İnsanlık dışı cezalar
Leopold’un asıl amacı, Kongo’nun zengin doğal kaynaklarını, özellikle de kauçuğu sömürerek servetini artırmaktı. Yerel halk zorla çalıştırılırken, kotayı karşılayamayan işçilere insanlık dışı cezalar veriliyordu.
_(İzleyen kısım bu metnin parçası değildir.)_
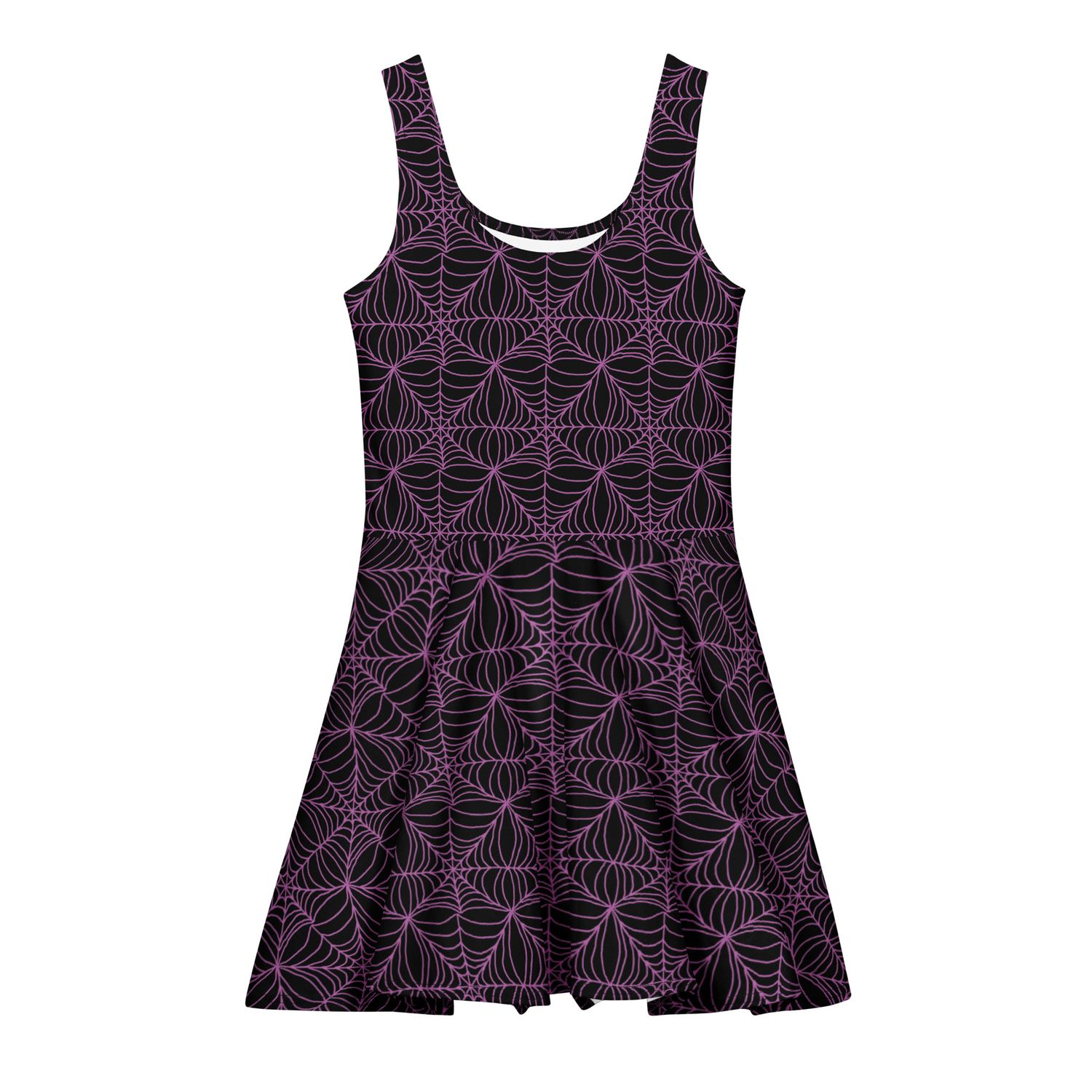 Spooky Spiderweb Pastel Goth Cotton Skater Dress Spooky Spiderweb Pastel Goth Cotton Skater Dress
Ellerin ve ayakların kesilmesi, bu acımasız cezalardan sadece biriydi.
1890’da bölgeyi ziyaret eden Amerikalı gazeteci George Washington Williams, "Kongo Özgür Devleti'nde gördüklerim, insanlığa karşı işlenmiş en büyük suçlardan biridir" diyerek bu vahşeti dünyaya duyurmuştu.
Belçika'da hala Leopold'ün heykelleri bulunuyor
Bu vahşet, 1908’de diğer Avrupa ülkelerinin baskısıyla sona erdirilse de, II. Leopold’un yönetimi sırasında yaşanan katliamlar unutulmadı. Bugün bile, bu karanlık dönem birçok tarih kitabında yeterince yer bulmazken, Belçika’da hala Leopold’un heykelleri ve anıtları bulunuyor.
Bu tarih, sömürgeciliğin insanlık üzerinde bıraktığı derin yaralardan sadece biri olarak hafızalarda yer etmeye devam ediyor.